Eight Chinese regions have promised to beef up anti-pollution curbs, vowing fresh cuts in smog, cleaner water and soil and tighter scrutiny over government officials after Beijing-led probes uncovered thousands of violations.
China's Ministry of Ecology and Environment (MEE) said on Tuesday that the heavily populated industrial provinces of Shandong, Zhejiang and Sichuan were among the regions committing themselves to new measures, as well as Xinjiang and Tibet in the remote northwest.
As part of efforts to crack down on persistent polluters and negligent local administrations, Beijing launched a nationwide audit at the end of 2015 into the environmental records of 31 provinces and regions.
Teams led by retired ministers were granted powers to make unannounced spot checks at factories and summon local bureaucrats to explain their actions. The inspections, completed last year, have already had a big impact.
"There are definitely a lot of issues that might not have come to light without central government inspections, such as steel plants failing to retire capacity as ordered or building new capacity without a permit," said Lauri Myllyvirta, clean air campaigner with environment group Greenpeace.
In a statement published by the MEE, Shandong on China's eastern coast vowed to "unswervingly" implement government policies and restructure its heavy industrial economy.
It pledged to cut concentrations of hazardous airborne particles known as PM2.5 by half compared to 2013, though Myllyvirta said the target of 49 micrograms per cubic metre was not especially ambitious.
"Local officials are being incentivised very strongly to meet air quality targets so they shouldn't be the ones setting them," he said.
In its commitments, Xinjiang, a major oil and gas producing region, promised to set winter production caps on industries like thermal power, steel and chemicals in a bid to cut 2017 levels of PM2.5 by a quarter by 2020.
The manufacturing hub of Zhejiang, near Shanghai, promised to cut PM2.5 to the national standard of 35 micrograms, and make 91 percent of polluted arable land fit for human use by 2020.
By end-March, more than 2,000 government and state enterprise officials in 15 regions had been held to account as a result of the inspections, according to Reuters calculations based on MEE data.
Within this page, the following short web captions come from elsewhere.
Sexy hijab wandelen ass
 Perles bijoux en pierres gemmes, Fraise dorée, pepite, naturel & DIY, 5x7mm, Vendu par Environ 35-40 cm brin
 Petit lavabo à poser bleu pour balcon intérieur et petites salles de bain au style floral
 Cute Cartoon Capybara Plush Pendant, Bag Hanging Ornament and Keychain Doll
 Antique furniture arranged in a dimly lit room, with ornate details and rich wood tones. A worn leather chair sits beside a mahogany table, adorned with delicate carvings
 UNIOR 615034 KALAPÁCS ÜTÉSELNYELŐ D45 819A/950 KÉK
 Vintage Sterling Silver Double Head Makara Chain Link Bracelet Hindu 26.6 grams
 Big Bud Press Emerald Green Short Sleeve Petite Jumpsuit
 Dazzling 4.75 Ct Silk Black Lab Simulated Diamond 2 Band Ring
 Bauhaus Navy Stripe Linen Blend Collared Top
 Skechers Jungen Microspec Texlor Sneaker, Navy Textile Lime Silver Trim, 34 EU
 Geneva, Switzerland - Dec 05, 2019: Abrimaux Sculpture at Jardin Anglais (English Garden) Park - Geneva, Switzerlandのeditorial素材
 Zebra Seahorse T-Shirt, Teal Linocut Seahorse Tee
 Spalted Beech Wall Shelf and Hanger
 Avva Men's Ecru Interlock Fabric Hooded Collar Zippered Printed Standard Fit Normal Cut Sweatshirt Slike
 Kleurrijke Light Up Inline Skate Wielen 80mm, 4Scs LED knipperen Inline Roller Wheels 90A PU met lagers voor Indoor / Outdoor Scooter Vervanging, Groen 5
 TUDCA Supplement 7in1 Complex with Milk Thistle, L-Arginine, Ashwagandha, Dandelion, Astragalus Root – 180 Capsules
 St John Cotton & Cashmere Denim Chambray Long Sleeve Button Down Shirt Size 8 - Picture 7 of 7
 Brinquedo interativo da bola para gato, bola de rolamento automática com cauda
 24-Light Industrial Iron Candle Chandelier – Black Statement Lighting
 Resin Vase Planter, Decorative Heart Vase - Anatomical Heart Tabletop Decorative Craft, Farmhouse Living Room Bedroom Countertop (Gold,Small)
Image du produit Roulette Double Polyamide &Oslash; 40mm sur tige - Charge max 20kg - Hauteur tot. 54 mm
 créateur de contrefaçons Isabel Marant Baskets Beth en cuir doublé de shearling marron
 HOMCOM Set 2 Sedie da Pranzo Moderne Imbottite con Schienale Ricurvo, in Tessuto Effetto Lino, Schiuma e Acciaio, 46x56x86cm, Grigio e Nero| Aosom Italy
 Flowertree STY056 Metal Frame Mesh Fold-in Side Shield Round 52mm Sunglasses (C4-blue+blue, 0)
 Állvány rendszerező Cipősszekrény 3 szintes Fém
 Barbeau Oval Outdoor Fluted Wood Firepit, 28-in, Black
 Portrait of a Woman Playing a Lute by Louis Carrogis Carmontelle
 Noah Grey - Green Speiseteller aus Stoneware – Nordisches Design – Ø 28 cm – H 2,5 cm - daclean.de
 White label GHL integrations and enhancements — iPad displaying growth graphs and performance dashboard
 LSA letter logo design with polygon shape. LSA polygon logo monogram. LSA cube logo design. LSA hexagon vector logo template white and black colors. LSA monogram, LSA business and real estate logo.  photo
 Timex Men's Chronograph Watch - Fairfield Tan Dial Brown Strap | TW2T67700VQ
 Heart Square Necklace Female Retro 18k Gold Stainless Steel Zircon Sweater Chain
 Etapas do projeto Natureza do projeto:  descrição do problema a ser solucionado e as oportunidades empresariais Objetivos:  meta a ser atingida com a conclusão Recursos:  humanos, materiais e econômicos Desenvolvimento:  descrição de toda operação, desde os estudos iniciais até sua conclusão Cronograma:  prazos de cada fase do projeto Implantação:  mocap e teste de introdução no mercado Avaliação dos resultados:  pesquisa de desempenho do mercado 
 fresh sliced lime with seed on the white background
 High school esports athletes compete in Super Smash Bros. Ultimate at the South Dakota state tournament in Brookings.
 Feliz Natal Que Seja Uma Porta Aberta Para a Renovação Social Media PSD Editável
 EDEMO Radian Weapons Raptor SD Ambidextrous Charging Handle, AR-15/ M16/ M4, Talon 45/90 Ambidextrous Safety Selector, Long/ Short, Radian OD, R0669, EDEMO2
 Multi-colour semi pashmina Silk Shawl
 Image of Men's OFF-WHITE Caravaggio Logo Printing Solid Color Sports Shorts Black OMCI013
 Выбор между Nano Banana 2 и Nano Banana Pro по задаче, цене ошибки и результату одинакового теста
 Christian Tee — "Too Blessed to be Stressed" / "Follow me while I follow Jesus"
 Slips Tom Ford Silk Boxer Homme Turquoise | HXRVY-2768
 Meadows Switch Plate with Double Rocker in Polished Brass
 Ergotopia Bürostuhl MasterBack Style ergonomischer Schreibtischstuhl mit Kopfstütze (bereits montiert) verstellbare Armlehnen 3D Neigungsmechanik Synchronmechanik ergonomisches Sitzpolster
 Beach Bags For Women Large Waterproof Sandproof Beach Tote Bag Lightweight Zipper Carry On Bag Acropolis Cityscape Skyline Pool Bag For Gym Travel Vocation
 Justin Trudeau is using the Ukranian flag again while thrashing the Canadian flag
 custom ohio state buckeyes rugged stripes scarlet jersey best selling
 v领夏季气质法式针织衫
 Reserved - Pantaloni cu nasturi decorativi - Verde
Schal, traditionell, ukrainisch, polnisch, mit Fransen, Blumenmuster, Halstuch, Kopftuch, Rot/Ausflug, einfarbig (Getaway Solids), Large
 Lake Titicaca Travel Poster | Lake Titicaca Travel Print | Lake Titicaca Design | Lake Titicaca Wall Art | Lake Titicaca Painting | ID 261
Most received an official reprimand and 22 face criminal charges.
State-owned China Minmetals Group was also accused by inspectors of being a "big corporate bully" after failing to rectify violations.
China's president Xi Jinping vowed this month to use the full might of the Communist Party to redress the damage done to the country's skies, soil and water since its economy was first opened up in 1978.
Meanwhile the government is planning to launch a second round of regional inspections early next year, the Communist Party newspaper People's Daily reported last week.
"It shows how resolute the Centre is on this issue and how it is determined to keep up the pressure on the provinces," said Peter Corne, managing partner at legal firm Dorsey & Whitney in Shanghai, who follows China's environmental policies.
"They have nowhere to hide," he added.